In fact, if countries within NAFTA do violate national treatment, there is a provision there. Now, you could argue that under the WTO, which is not free trade, the WTO is not free trade to the extent that an FTA represents.... My bias is that I believe that investor-state provisions are important and I think that they are essential.
I do acknowledge that there are challenges with the wording of chapter 11. This is really helpful to us. We need a longer discussion, frankly, on chapter 11, where we bring in more witnesses at some point and we can actually go through this, because I know people from the business community who believe in investor-state provisions but who believe that chapter 11 is poorly worded.

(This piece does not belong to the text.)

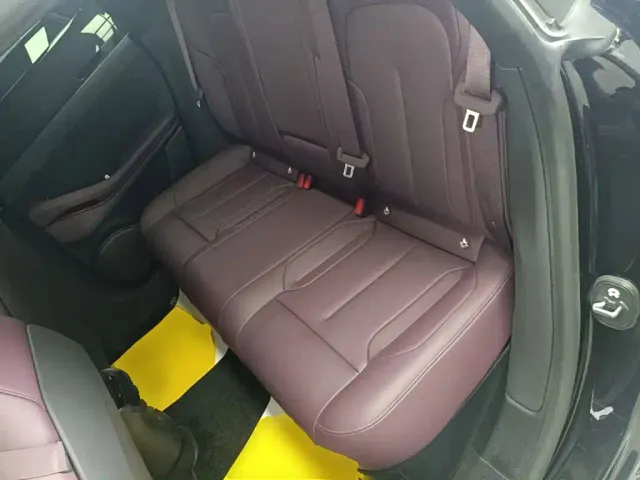 Nio ET5 Touring — Фото автомобиля 16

If a Canadian company manufactured 2,4-D, for instance, it would not have the same right to challenge the government. It would not have the same right. Chapter 11 does provide more rights in some ways to a foreign company than to a Canadian company. That could be argued as being wrong. With MMT, that ban was a case of the government using interprovincial trade barriers as opposed to an outright ban, and as such it seemed to be a circuitous way to approach it, and as such it violated the principles of national treatment.
But I think the fact that we do have investor-state provisions and national treatment is very important to Canadian companies and to Canadian jobs. The question is, what are the problems with chapter 11, and how can we address those problems? I think that's where we're going to have to drill down on it at some point.
But I really appreciate your help in shining some light on this issue this morning. I just think we're going to need a lot more light from a lot more people and a lot more time to really understand this. I think we have to be fairly open-minded in looking at it.